Bremer SC 1891 and Hamburger SV won promotion to the 1914–15 Verbandsliga. However, due to the outbreak of World War I only one season of the Verbandsliga was ever played and all teams returned to their local championships, which again would serve as qualifiers for the Northern German championship play-offs.

| Pos | Team | Pld | W | D | L | GF | GA | GD | Pts |
|---|---|---|---|---|---|---|---|---|---|
| 1 | Altona 93 | 18 | 13 | 3 | 2 | 71 | 22 | +49 | 29 |
| 2 | Holstein Kiel | 18 | 13 | 2 | 3 | 58 | 18 | +40 | 28 |
| 3 | Hannover 96 | 18 | 11 | 1 | 6 | 51 | 35 | +16 | 23 |
| 4 | Eimsbütteler TV | 18 | 9 | 4 | 5 | 35 | 32 | +3 | 22 |
| 5 | Eintracht Braunschweig | 18 | 8 | 5 | 5 | 39 | 38 | +1 | 21 |
| 6 | Eintracht Hannover | 18 | 7 | 3 | 8 | 41 | 46 | −5 | 17 |
| 7 | Borussia Harburg | 18 | 8 | 1 | 9 | 35 | 62 | −27 | 17 |
| 8 | SC Victoria Hamburg | 18 | 5 | 2 | 11 | 34 | 46 | −12 | 12 |
| 9 | Union 03 Altona | 18 | 4 | 1 | 13 | 41 | 52 | −11 | 9 |
| 10 | Werder Bremen | 18 | 1 | 0 | 17 | 12 | 66 | −54 | 2 |

===Aftermath===

After the disestablishment of the league, there were various attempts to merge leagues in Northern Germany again:

In 1920, two new Verbandsligas were created to replace the local championships: a northern group (Nordkreisliga) covering Hamburg and the Province of Schleswig-Holstein, and a southern group (Südkreisliga) covering Brunswick, Bremen and the Province of Hanover. However, after just one season the leagues were split-up again into several smaller Bezirksligas to save costs during hyperinflation.

In 1928–29 a conflict between the clubs and the Northern German FA over a proposed reform of the league pyramid broke out and as a result no regular league matches were played in Northern Germany that season. Some major clubs had demanded the creation of a single, unified top level league in Northern Germany, while smaller clubs had feared to be left out. While some of the big Hamburg and Schleswig-Holstein clubs, including Hamburger SV, Holstein Kiel, and Altona 93, formed a rebel league, most clubs in the southern parts of Northern Germany sat out the season.
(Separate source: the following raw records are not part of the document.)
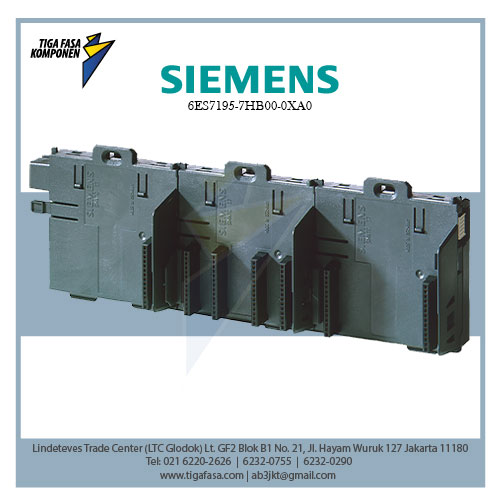 6ES7195-7HB00-0XA0  ET 200M For Holding two 40 mm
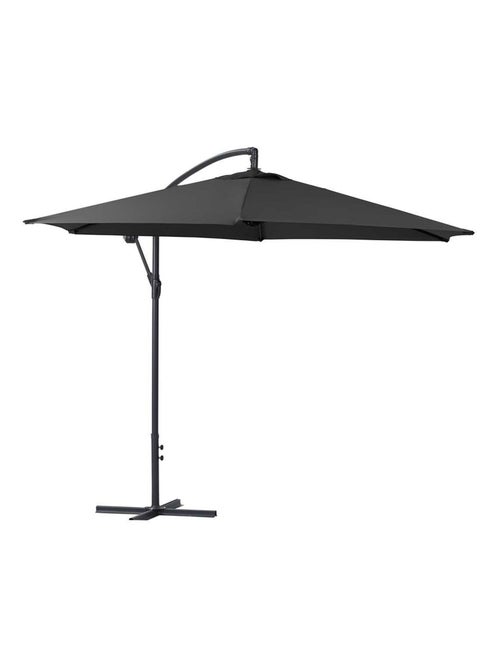 Parasol déporté "Ilios" - Noir - Kiabi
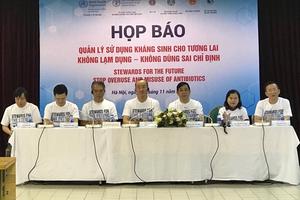 Chung tay chống lại vấn nạn kháng thuốc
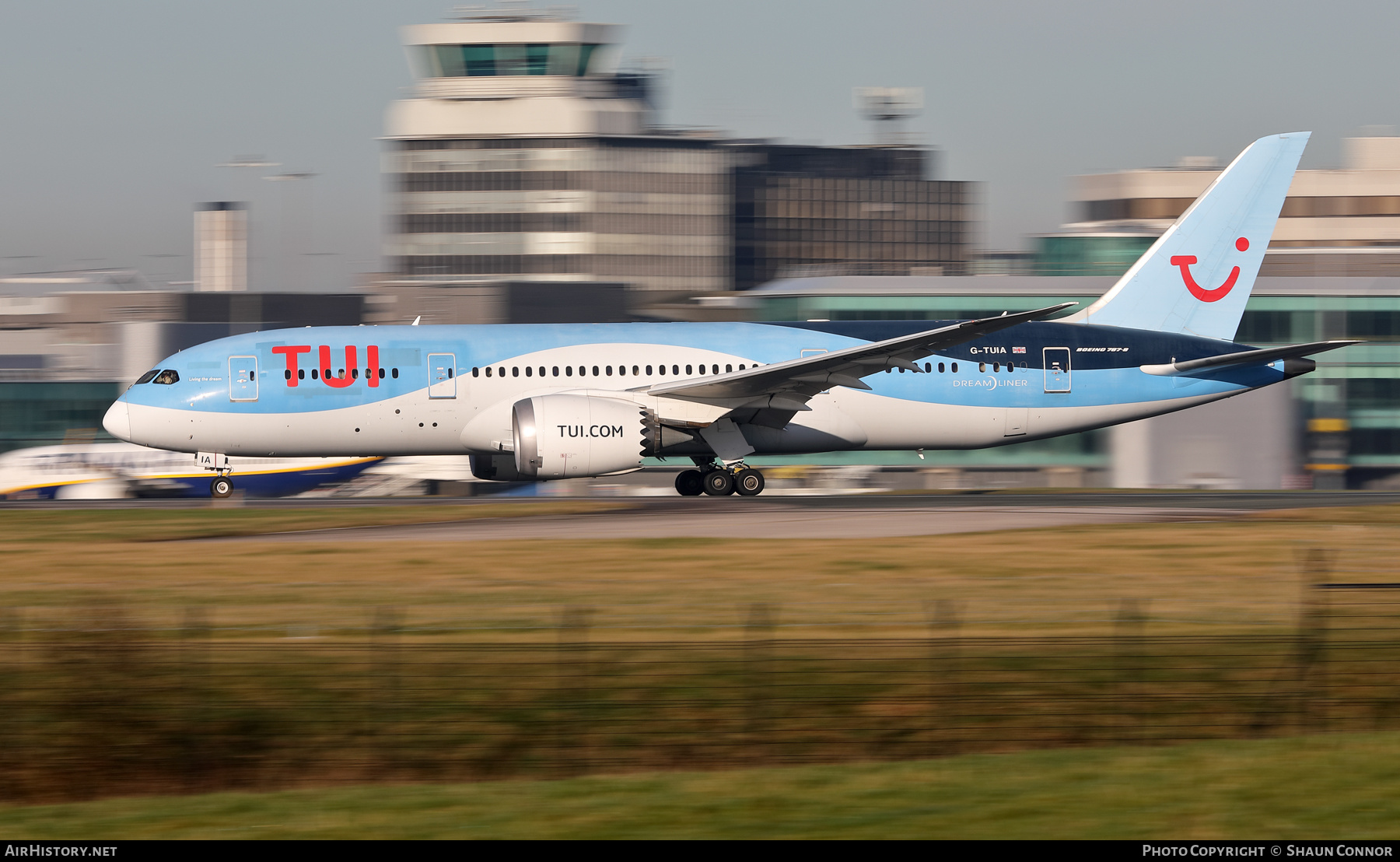 Aircraft Photo of G-TUIA | Boeing 787-8 Dreamliner | TUI | AirHistory.net #432426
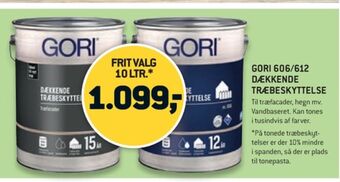 XL-BYG Gori træbeskyttelse tilbud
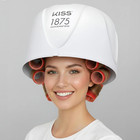 Kiss Salon Professional Bonnet Hair Dryer 1875w Ceramic Portable  White  1 Piece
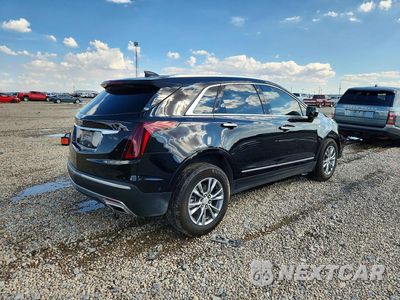 Trzecie zdjęcie samochodu z tyłu: 2023 CADILLAC XT5 PREMIUM LUXURY VIN:1GYKNCRS4PZ110145 - miniatura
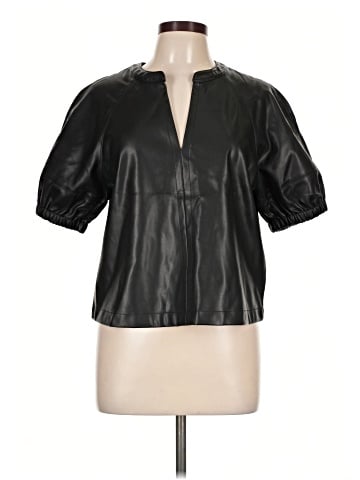 Steve Madden Short Sleeve Blouse (view 1)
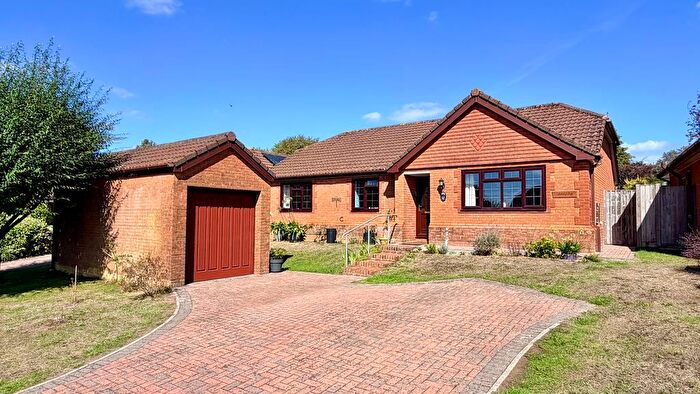 3 Bedroom Detached Bungalow For Sale In Woodcock Way, Chardstock, Nr Axminster, Devon, EX13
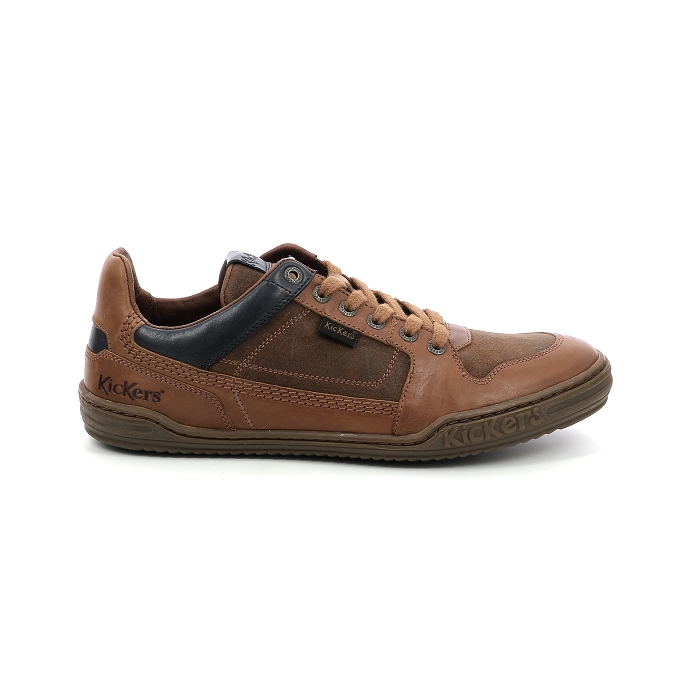 Kickers sneakers jungle marron9451301_2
In the end six Northern German Oberligas were formed as a compromise for the 1929–30 season.

With the rise of the Nazis to power, the Gauligas were introduced as the highest level of football in Germany in 1933. In Northern Germany, the leagues were merged into the Gauliga Niedersachsen and the Gauliga Nordmark. During World War II the Gauligas were split into more regionalized leagues again.

A single top division in Northern Germany was finally reintroduced in 1947 with the creation of the Oberliga Nord.